> **The records**
------------------------------
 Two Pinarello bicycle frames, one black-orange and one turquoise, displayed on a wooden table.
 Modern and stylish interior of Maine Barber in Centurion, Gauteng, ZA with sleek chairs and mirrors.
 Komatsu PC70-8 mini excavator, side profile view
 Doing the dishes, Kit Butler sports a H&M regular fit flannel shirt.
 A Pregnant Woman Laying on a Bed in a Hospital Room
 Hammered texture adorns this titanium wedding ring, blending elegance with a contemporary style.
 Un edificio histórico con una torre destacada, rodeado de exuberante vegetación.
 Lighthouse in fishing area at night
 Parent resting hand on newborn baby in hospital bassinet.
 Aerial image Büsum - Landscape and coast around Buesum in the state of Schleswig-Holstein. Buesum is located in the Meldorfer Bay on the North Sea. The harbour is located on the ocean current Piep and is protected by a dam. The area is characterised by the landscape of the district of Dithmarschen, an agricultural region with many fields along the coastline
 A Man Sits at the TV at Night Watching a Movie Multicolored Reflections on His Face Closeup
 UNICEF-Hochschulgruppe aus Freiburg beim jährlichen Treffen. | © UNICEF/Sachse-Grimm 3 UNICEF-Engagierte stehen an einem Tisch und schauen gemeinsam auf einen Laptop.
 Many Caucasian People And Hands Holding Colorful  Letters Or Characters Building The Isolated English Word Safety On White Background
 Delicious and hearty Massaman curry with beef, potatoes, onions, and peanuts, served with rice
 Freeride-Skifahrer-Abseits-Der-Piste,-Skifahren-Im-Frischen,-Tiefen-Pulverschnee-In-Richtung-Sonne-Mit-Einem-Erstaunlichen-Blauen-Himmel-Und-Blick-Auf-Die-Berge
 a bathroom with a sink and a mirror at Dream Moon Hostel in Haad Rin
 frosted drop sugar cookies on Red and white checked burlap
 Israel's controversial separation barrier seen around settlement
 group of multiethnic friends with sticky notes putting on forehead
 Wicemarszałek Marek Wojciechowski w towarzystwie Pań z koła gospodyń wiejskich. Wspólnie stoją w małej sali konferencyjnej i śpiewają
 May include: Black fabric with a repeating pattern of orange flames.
------------------------------
> **What is being asked**
Would you return exactly, and only, the lines beginning at the one with "Israel's controversial separation" and ending at the last line of the listing?

> **Completed exercise**
 Israel's controversial separation barrier seen around settlement
 group of multiethnic friends with sticky notes putting on forehead
 Wicemarszałek Marek Wojciechowski w towarzystwie Pań z koła gospodyń wiejskich. Wspólnie stoją w małej sali konferencyjnej i śpiewają
 May include: Black fabric with a repeating pattern of orange flames.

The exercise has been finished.